My previous post about Doom and Gloom was posted (by me) on the wrong blog. I decided to leave it there and I have to search and see how the same type of weather would have affected our ancestors?
Did most of them walk to work? I think perhaps they did since most of them lived in the community where the factory was located. Our great grandmothers probably we stay a home mothers raising the larger families. If they did work I would suspect they would have done washing or housekeeping for someone else.
I know my grandmother Gertrude O'Rourke would do housekeeping for others. I also remember that she did a weekly cleaning for a local Savings and Loan to supplement her income. I went with her one morning and had to sit still in a chair while she cleaned. Since the Savings and Loan was a few miles away from her home, we took the street car and I remember the far was about a dime.
My other grandmother Anna Bartels work cleaning the local school HOMEVILLE JUNIOR HIGH SCHOOL. I note that this school was built in 1939 and that was just a bit after her husband, my grandfather, Willi Schridde had been killed by a lightening strike. This school was a ten minute walk from her home.

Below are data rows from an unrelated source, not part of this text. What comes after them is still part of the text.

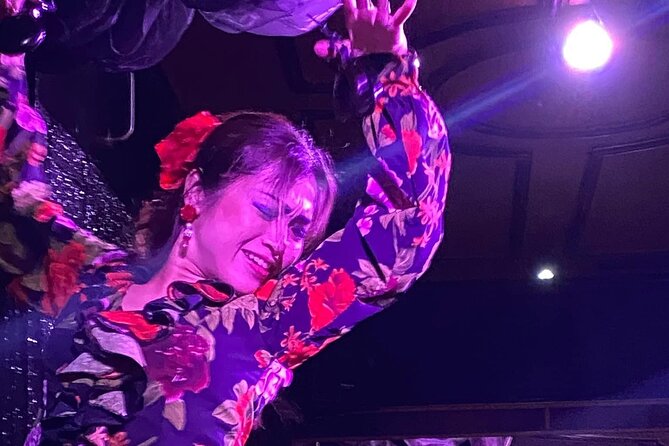 Flamenco Benalmadena Show - What the show does not include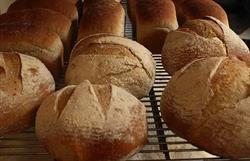 Vassili's Bread Shop, Courtenay, BC opening hours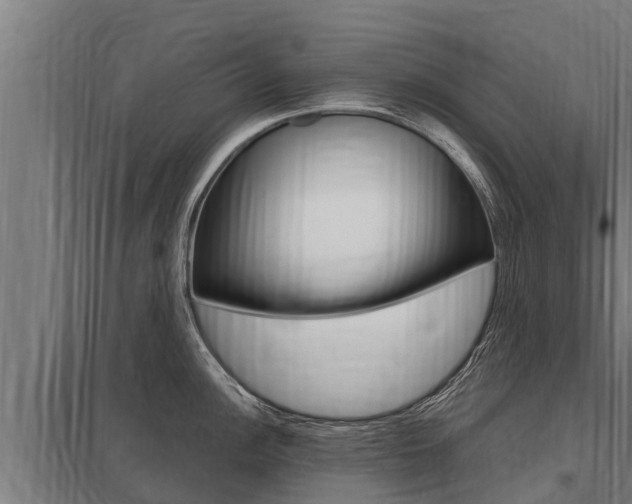 X0000098041148200803280748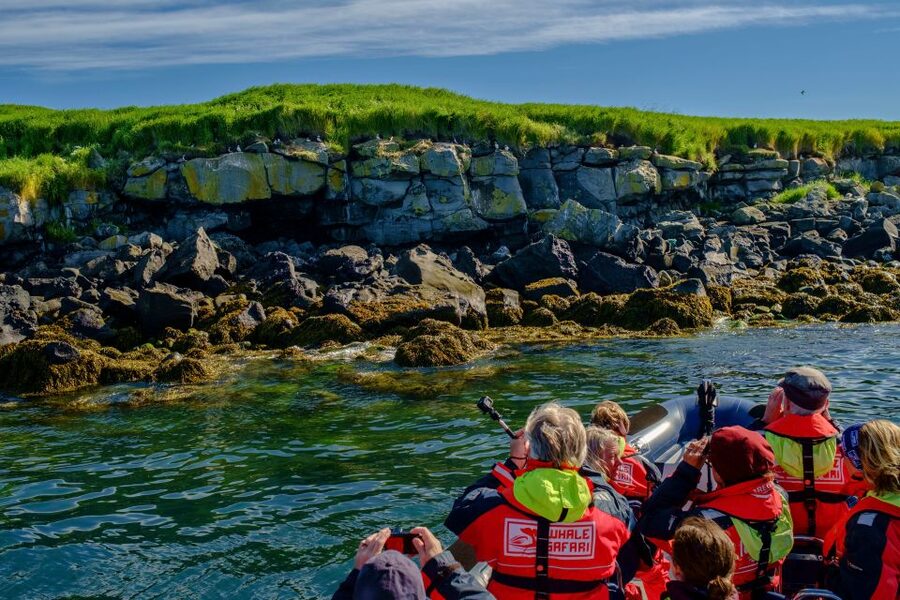 Reykjavik: Puffin Watching Tour - Who should take this tour?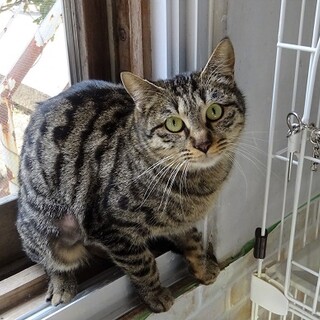 おつちゃん❣️ずっとの家族を待ってます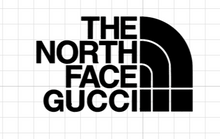 Charger l&#39;image dans la galerie, Logo North Face x Gucci 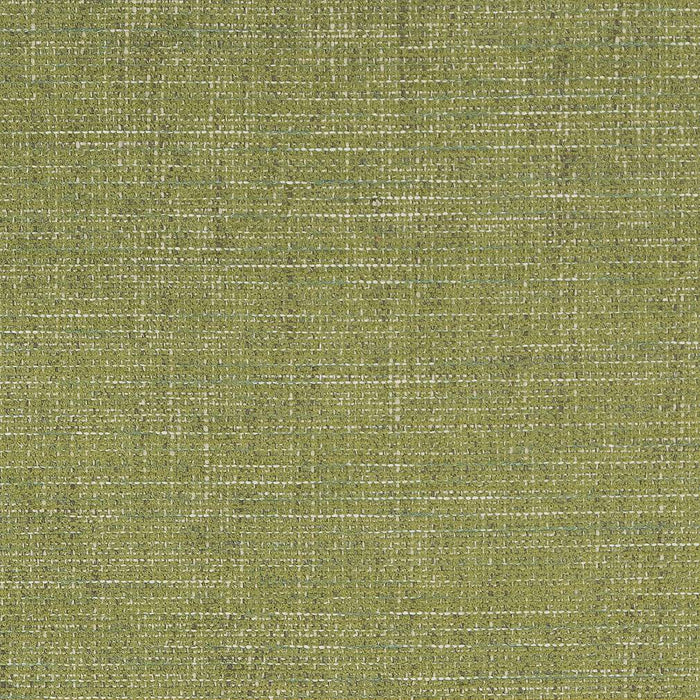 Charlotte Grass Fabric D1739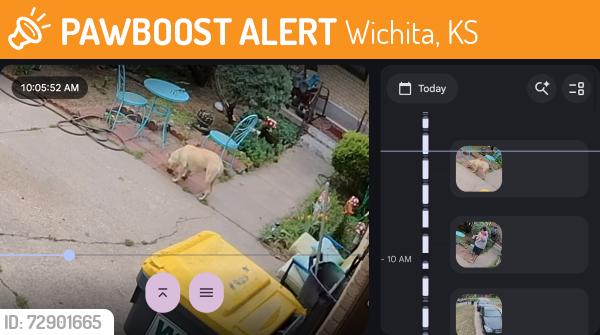 Found/Stray Female Dog last seen 21st and Hyacinth, Wichita, KS 67204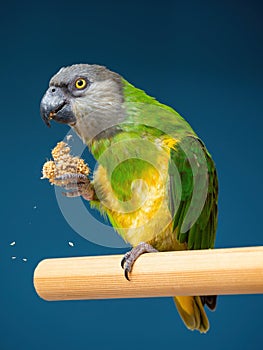 Poicephalus senegalus. Senegalese parrot sits on a perch and eats Senegal millet delicacy.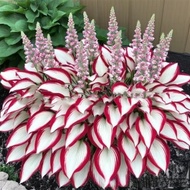 [Supply] Colorful Leaf Jade Hairpin Flower Seed Jade Flower Seed Potted Flower Seed White Crane Flow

Willie Schridde worked as a millwright at the DUQUESNE STEEL WORKS and they lived up the hill from the plant. The men walked to work, which was downhill and I do not know if they was trolley service back up the hill. Something I had never thought about before.
Thomas Dowd lived near the EDGAR THOMPSON US STEEL WORKS plant and the men also would have walked to work. Our grandfathers and great grandfathers did a lot of back breaking work.
I have a little more exploration to do on these two Steel Mills and snow storms of the past.